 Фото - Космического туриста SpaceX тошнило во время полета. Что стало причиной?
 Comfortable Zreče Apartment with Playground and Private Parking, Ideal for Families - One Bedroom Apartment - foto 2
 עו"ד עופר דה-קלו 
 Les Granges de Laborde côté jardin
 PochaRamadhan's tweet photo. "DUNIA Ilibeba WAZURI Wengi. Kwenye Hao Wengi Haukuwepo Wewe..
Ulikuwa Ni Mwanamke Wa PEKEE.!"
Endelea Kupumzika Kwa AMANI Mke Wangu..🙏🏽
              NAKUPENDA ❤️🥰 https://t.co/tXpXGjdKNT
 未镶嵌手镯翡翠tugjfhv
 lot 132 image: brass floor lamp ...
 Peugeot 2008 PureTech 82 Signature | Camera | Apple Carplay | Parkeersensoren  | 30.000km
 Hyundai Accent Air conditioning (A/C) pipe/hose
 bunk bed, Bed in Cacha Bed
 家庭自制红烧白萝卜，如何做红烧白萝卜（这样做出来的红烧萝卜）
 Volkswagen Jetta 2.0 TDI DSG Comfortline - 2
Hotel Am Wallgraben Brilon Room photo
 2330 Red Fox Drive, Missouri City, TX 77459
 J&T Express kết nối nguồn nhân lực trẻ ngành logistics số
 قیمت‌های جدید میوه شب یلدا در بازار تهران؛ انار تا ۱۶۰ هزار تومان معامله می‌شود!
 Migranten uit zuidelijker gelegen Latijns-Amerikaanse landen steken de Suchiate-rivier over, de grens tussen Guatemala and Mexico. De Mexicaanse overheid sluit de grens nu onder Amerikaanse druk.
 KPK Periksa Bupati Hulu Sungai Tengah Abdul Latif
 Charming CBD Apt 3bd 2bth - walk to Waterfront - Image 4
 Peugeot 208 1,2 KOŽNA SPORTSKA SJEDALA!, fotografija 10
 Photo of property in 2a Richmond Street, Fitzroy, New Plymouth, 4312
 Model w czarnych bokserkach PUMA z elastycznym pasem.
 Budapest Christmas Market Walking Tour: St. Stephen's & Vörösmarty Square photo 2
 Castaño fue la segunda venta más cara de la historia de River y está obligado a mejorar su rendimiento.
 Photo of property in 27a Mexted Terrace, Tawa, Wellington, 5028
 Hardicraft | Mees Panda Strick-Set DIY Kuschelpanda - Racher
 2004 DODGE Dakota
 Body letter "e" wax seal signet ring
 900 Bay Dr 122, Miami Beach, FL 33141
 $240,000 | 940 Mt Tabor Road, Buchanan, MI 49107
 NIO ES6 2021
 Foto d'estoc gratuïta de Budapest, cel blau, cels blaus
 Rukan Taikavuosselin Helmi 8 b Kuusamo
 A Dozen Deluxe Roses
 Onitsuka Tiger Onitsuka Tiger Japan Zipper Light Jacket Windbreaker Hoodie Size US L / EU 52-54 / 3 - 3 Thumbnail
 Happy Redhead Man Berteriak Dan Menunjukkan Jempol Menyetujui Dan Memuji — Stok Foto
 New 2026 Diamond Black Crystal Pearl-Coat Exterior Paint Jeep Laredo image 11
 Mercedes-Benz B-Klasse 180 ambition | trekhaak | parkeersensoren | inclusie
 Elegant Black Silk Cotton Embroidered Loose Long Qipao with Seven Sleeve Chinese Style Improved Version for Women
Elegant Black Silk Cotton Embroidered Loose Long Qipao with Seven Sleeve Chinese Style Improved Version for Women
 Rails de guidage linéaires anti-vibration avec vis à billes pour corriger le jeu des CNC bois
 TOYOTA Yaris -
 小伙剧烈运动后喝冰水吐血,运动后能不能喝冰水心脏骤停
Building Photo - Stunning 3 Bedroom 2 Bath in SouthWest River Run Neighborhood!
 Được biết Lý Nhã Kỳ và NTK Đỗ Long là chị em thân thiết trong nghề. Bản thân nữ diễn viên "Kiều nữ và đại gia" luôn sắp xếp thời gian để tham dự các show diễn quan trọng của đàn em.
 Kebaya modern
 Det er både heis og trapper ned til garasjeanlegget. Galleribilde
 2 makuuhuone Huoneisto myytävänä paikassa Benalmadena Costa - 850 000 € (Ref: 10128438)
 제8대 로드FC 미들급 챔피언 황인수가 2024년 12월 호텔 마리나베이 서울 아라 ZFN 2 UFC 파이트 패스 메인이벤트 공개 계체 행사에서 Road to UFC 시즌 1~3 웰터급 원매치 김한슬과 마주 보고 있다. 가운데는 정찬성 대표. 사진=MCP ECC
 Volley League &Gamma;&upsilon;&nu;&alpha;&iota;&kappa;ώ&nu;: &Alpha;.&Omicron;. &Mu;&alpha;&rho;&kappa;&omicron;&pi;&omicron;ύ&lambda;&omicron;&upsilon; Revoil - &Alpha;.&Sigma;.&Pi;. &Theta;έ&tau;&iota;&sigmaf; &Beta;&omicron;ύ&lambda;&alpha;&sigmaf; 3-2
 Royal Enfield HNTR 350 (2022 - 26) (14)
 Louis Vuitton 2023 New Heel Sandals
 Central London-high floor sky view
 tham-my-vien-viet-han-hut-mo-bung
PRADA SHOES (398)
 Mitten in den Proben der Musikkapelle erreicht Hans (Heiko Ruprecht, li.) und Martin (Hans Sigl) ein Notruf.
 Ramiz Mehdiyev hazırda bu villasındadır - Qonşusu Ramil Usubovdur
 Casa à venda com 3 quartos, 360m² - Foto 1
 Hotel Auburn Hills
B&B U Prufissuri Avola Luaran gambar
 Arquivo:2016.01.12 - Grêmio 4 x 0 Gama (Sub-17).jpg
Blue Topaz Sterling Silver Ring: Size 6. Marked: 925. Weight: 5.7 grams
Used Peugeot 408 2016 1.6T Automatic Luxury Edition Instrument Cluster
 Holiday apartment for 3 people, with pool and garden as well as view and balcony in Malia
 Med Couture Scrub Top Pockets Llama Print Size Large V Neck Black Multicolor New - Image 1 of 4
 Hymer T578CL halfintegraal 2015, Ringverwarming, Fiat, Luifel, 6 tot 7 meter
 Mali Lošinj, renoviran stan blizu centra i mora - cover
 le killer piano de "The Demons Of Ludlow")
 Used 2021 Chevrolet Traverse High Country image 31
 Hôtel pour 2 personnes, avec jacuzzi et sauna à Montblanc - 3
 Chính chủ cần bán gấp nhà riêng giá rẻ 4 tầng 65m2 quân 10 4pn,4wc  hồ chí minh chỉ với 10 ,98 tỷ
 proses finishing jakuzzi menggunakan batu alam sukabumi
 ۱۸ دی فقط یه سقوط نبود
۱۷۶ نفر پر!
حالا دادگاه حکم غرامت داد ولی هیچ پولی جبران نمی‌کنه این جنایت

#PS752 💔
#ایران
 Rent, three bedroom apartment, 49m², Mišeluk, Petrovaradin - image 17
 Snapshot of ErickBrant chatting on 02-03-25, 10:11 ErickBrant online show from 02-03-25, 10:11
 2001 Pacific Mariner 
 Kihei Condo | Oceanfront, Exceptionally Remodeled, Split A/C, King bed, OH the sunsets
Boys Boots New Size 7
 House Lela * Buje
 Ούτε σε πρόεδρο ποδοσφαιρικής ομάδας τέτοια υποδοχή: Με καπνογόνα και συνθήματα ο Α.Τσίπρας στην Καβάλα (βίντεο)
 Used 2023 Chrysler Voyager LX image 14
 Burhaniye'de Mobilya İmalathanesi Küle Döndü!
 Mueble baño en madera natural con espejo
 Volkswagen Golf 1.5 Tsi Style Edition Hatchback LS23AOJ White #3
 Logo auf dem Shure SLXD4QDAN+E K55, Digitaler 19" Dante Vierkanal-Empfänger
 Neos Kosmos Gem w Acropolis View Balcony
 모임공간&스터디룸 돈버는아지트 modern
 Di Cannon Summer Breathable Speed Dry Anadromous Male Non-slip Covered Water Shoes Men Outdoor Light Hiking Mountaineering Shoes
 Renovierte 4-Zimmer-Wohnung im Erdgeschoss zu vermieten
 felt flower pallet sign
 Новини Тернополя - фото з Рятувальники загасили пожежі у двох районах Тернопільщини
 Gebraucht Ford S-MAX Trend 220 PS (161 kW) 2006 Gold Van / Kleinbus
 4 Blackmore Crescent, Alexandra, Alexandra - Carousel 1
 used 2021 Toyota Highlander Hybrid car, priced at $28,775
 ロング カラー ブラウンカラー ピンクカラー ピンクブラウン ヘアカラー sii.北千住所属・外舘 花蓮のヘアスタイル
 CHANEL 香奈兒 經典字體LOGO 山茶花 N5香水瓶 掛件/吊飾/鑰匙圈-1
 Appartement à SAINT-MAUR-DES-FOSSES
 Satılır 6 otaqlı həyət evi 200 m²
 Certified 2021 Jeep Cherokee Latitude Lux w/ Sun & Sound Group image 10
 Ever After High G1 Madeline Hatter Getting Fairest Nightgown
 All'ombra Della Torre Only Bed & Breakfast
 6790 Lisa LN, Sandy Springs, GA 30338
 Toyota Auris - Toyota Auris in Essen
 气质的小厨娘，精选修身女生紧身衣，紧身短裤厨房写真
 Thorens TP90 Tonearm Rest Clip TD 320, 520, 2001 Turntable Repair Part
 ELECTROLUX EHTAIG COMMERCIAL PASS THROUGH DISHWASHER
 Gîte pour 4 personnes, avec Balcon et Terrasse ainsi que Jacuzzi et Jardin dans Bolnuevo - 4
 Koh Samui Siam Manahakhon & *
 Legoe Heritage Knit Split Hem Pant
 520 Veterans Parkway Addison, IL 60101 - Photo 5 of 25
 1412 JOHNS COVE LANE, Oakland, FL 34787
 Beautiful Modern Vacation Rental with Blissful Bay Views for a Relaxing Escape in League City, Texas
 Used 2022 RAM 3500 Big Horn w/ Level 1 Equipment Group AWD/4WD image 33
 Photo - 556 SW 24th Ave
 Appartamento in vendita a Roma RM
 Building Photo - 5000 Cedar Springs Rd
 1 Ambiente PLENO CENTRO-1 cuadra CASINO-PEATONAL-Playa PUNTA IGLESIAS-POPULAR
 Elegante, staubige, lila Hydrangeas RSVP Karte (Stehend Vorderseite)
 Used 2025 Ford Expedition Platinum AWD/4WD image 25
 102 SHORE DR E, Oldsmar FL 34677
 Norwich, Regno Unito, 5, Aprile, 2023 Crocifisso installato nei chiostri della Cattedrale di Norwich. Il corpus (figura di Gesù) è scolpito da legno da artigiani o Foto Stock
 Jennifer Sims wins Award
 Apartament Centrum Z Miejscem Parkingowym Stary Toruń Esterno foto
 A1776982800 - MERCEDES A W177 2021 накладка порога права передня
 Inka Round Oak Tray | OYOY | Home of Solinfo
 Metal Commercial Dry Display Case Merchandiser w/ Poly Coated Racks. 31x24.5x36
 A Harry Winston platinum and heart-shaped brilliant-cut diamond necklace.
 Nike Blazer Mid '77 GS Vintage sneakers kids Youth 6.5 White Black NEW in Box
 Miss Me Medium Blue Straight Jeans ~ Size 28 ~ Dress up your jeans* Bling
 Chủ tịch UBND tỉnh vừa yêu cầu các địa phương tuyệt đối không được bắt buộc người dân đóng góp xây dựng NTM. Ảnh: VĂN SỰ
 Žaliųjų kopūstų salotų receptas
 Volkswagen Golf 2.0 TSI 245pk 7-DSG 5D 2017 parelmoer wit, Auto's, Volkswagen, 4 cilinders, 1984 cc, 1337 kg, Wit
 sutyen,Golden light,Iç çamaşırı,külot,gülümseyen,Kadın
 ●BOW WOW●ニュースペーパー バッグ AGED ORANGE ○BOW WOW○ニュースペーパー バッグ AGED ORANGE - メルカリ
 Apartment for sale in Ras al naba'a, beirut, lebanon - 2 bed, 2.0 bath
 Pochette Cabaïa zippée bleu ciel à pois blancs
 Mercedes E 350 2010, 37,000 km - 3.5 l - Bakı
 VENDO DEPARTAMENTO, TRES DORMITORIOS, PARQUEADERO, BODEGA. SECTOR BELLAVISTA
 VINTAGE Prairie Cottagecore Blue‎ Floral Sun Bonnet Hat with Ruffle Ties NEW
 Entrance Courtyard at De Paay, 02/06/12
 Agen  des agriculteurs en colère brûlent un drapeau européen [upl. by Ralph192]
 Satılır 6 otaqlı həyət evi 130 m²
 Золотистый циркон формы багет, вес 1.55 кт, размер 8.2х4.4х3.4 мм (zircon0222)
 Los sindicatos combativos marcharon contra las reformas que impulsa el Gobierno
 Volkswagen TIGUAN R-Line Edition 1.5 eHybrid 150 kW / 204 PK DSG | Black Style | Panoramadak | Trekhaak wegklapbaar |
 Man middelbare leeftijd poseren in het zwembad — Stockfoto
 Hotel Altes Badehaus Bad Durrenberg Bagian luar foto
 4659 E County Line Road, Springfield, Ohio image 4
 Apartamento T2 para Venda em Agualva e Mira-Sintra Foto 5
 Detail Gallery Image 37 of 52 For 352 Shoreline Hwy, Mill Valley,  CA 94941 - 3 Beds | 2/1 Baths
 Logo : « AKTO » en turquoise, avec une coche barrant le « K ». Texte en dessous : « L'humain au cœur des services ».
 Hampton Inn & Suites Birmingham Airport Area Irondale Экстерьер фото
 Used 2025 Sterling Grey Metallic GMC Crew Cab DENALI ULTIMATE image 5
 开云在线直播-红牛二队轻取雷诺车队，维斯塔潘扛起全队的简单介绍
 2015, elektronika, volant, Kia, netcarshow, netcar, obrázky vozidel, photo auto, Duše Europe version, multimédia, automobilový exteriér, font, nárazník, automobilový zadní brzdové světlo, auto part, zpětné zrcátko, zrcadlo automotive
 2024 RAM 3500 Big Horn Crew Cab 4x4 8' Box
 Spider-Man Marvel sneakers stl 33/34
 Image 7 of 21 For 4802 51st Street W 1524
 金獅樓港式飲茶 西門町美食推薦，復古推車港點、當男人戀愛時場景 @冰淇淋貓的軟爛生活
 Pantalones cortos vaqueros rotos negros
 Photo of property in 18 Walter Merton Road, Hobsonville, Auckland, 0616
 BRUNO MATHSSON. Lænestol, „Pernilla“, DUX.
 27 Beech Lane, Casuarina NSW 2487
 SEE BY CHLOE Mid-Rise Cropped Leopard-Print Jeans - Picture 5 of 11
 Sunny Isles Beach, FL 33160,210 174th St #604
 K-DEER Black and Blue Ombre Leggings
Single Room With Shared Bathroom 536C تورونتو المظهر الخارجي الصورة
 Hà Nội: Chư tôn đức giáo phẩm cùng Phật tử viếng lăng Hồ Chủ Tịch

┄┄┄┄┄┄

## What you need to do
What you give back should be exactly the lines of the data above from the line with "Used 2025 Ford" through the line with "Metal Commercial Dry", both of those included, and nothing more.

## Answer
 Used 2025 Ford Expedition Platinum AWD/4WD image 25
 102 SHORE DR E, Oldsmar FL 34677
 Norwich, Regno Unito, 5, Aprile, 2023 Crocifisso installato nei chiostri della Cattedrale di Norwich. Il corpus (figura di Gesù) è scolpito da legno da artigiani o Foto Stock
 Jennifer Sims wins Award
 Apartament Centrum Z Miejscem Parkingowym Stary Toruń Esterno foto
 A1776982800 - MERCEDES A W177 2021 накладка порога права передня
 Inka Round Oak Tray | OYOY | Home of Solinfo
 Metal Commercial Dry Display Case Merchandiser w/ Poly Coated Racks. 31x24.5x36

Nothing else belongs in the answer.